What happens without a separate data volume

By default, if the database data lives on the root EBS volume and the ASG replaces the instance — whether from a health check failure or underlying hardware failure — the data is lost. The ASG terminates the old instance, which deletes its root volume, then launches a fresh instance from the AMI with a blank disk. The ASG has no mechanism to preserve the old root volume.

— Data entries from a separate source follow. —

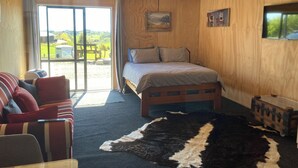 A bedroom with a bed, a sofa, a rug, and a window with a view of the outdoors.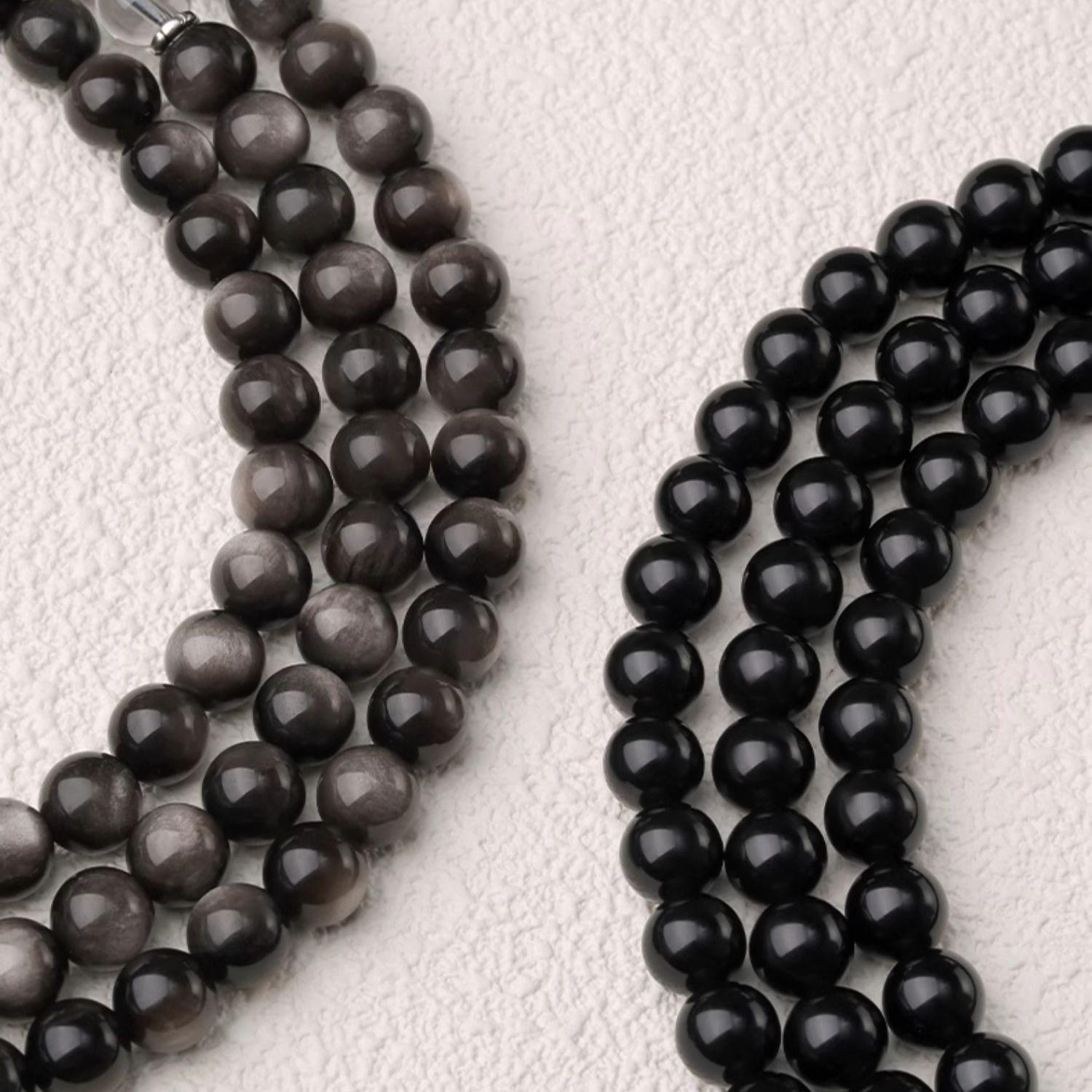 Tibetan Buddhist black obsidian mala necklace featuring tiger eye beads and silver three way element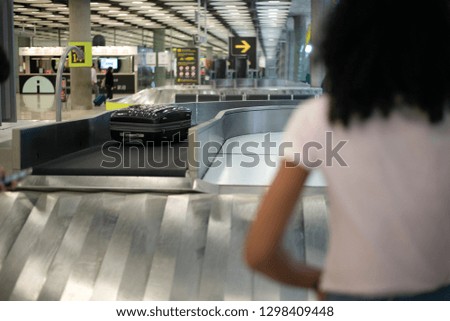 Similar – Image, Stock Photo Anonymous girl in airport terminal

With a separate data volume, the EBS volume is a standalone CloudFormation resource that the ASG has no knowledge of and cannot delete. When the new instance boots, it attaches and mounts the existing data volume, picking up exactly where the old instance left off. Without that separation, an ASG "self-healing" a failed instance would also destroy the database it was trying to protect.

Architecture Overview

┌─────────────────────────────────────────────────┐
│                    VPC (10.0.0.0/16)            │
│                                                  │
│  ┌────────────────────────────────────────────┐  │
│  │         Public Subnet (10.0.1.0/24)        │  │
│  │                                             │  │
│  │  ┌──────────────────────────────────────┐   │  │
│  │  │     Auto Scaling Group (size: 1)     │   │  │
│  │  │                                      │   │  │
│  │  │  ┌────────────────────────────────┐  │   │  │
│  │  │  │        EC2 Instance            │  │   │  │
│  │  │  │                                │  │   │  │
│  │  │  │  Root EBS (OS + Neo4j binary)  │  │   │  │
│  │  │  │  /dev/xvda — destroyed with    │  │   │  │
│  │  │  │  instance                      │  │   │  │
│  │  │  └────────────────────────────────┘  │   │  │
│  │  └──────────────────────────────────────┘   │  │
│  │                    │                        │  │
│  │                    │ attached at boot       │  │
│  │                    ▼                        │  │
│  │  ┌──────────────────────────────────────┐   │  │
│  │  │   Data EBS Volume (GP3, encrypted)   │   │  │
│  │  │   /data — RETAINED on deletion       │   │  │
│  │  │   Survives instance replacement      │   │  │
│  │  └──────────────────────────────────────┘   │  │
│  │                                             │  │
│  └────────────────────────────────────────────┘  │
│                                                  │
│  ┌──────────────┐    ┌────────────────────────┐  │
│  │  Elastic IP   │    │  Internet Gateway      │  │
│  │  (stable)     │    │                        │  │
│  └──────────────┘    └────────────────────────┘  │
└─────────────────────────────────────────────────┘

Why Separate the Data Volume

Concern Root disk Separate EBS volume
Instance termination Data lost Data preserved
ASG replacement Data lost Volume re-attached to new instance
Disk sizing Competing with OS for space Sized independently for the database
Snapshots Includes OS noise Clean database-only backups
Encryption Mixed concern Dedicated encryption context
Performance tuning Shared IOPS with OS Dedicated IOPS for database I/O

This is not unique to Neo4j. MongoDB, PostgreSQL, MySQL, and Elasticsearch Marketplace offerings all use the same separation. The consistent theme across all of them: never put database data on the OS disk.

Key Design Decisions

ASG of Size 1

AWS Marketplace recommends an Auto Scaling Group even for single-instance products. The ASG monitors EC2 health checks and automatically replaces a failed instance. On replacement, the new instance re-attaches the data volume and re-associates the Elastic IP, restoring service without manual intervention.

Elastic IP

A stable public address that follows the instance across ASG replacements. Clients connect to the same IP regardless of which underlying EC2 instance is running. The EIP is associated by UserData on every boot.

NVMe Device Resolution

Nitro-based instances expose EBS volumes as NVMe devices with non-deterministic names. The UserData script matches the EBS volume serial number against /dev/disk/by-id/ entries to find the correct device, rather than assuming a fixed device path like /dev/nvme1n1.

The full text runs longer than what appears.